Determinante, però, per realizzare la tre giorni di iniziative culturali il contributo economico dell’Italkali.
L’intera comunità di Racalmuto, con in testa il sindaco Emilio Messana, sarà protagonista della Festa della cultura, che si svolgerà da venerdì 27 a domenica 29 maggio, nei luoghi cari a Sciascia.
Ad aprire il calendario degli appuntamenti Moni Ovadia che venerdì leggerà alcuni passi agli alunni dell’istituto comprensivo Generale Macaluso di Racalmuto.
Sabato, alle 18, nella sede della Fondazione, dopo il saluto di Emilio Messana,  presidente della Fondazione Sciascia, nonché sindaco di Racalmuto,  si terrà il convegno dal titolo “Caro Vito, caro Leonardo…”. All’incontro interverranno: Felice Cavallaro, Giuseppe Laterza, Salvatore Silvano Nigro. Coordinerà lo scrittore e giornalista Gaetano Savatteri. E’ prevista la partecipazione del sottosegretario di Stato del ministero dell’Istruzione, dell’Università e della Ricerca: Davide Faraone. In sala sarà presente anche Anna Maria Sciascia, una delle figlie dello scrittore.
Domenica 29, a partire dalle 10, “Racalmuto legge Le parrocchie di Regalpetra”.
A chiudere la tre giorni di festa Lello Analfino, David Coco, Francesca Incudine, Moni Ovadia, Kaballà.

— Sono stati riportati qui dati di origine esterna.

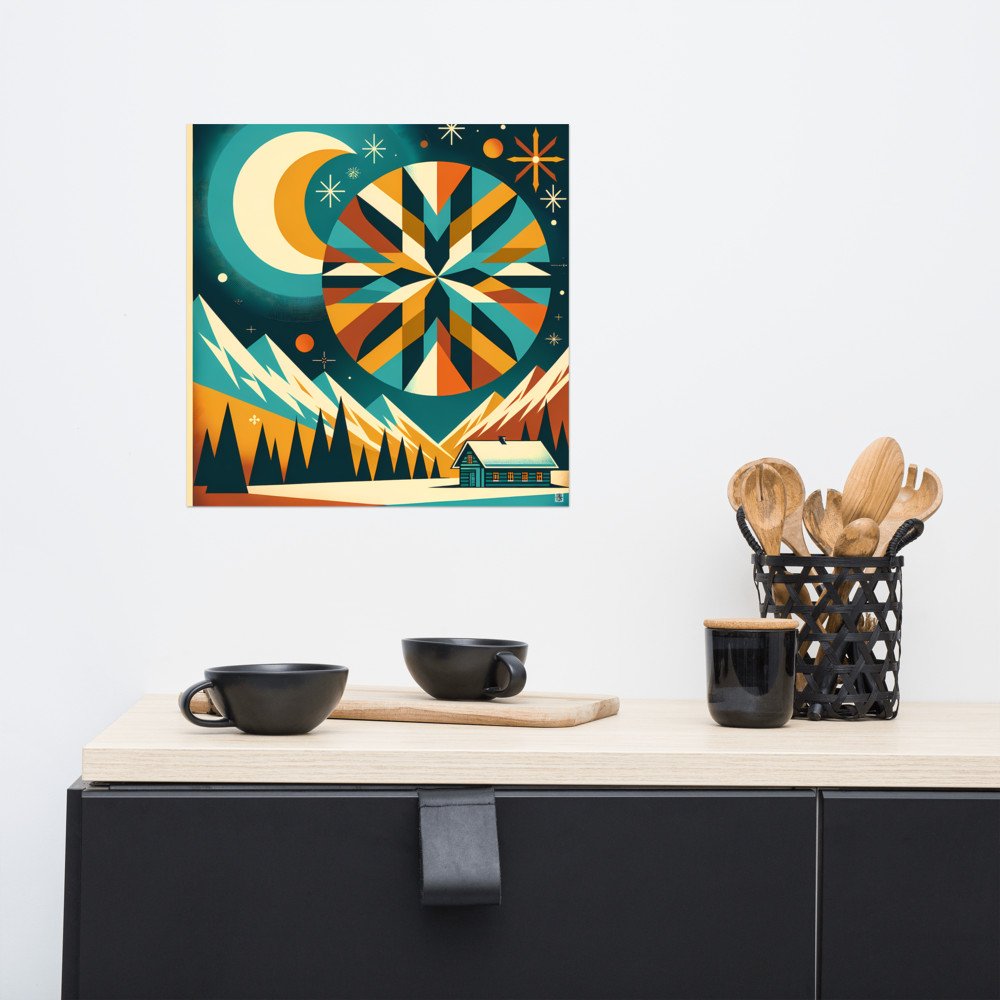 Geometric Winter Moon and Snowflake Landscape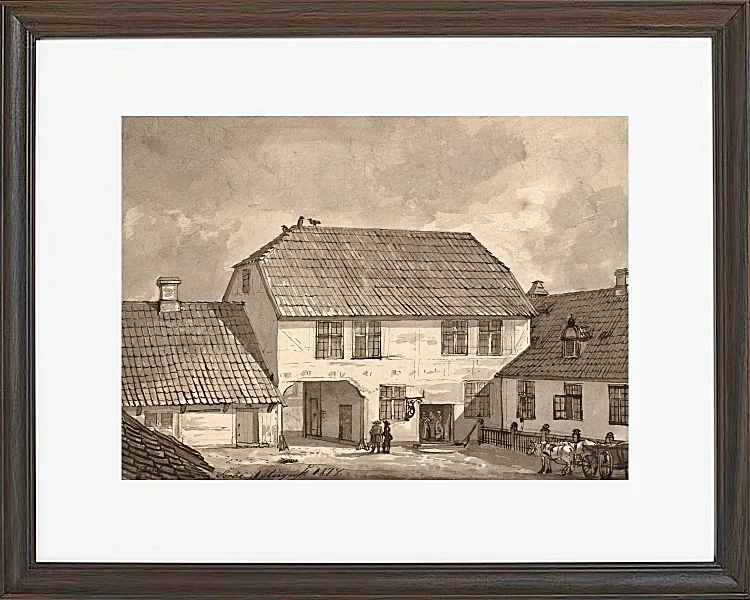 Johan Christian Dahl – Bauernhof in Sorø  1818 | Giclée Kunstdruck gerahmt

De Le Parrocchie di Regalpetra, Leonardo Sciascia diceva così: “E’ stato detto che nelle Parrocchie di Regalpetra sono contenuti tutti i temi che ho poi, in altri libri, variamente svolto. E l’ho detto anch’io. In questo senso, quel critico che dalle Parrocchie cavò il giudizio che io fossi uno di quegli autori che scrivono un solo libro e poi tacciono (e se tacciono peggio per loro) aveva ragione (ma aveva torto, e sbagliava di grosso, nel non vedere che c’era nel libro un certo retroterra culturale che, anche in mancanza d’altro, sarebbe bastato a farmi scrivere altri libri). Tutti i miei libri in effetti ne fanno uno. Un libro sulla Sicilia che tocca i punti dolenti del passato e del presente e che viene ad articolarsi come la storia di una continua sconfitta della ragione e di coloro che nella sconfitta furono personalmente travolti e annientati. Queste vittime, questi personaggi, sono stati (chi sa perché) scambiati da qualche critico per personaggi “positivi”, di obbedienza, per così dire, stalinista. Errore piuttosto grossolano, direi”.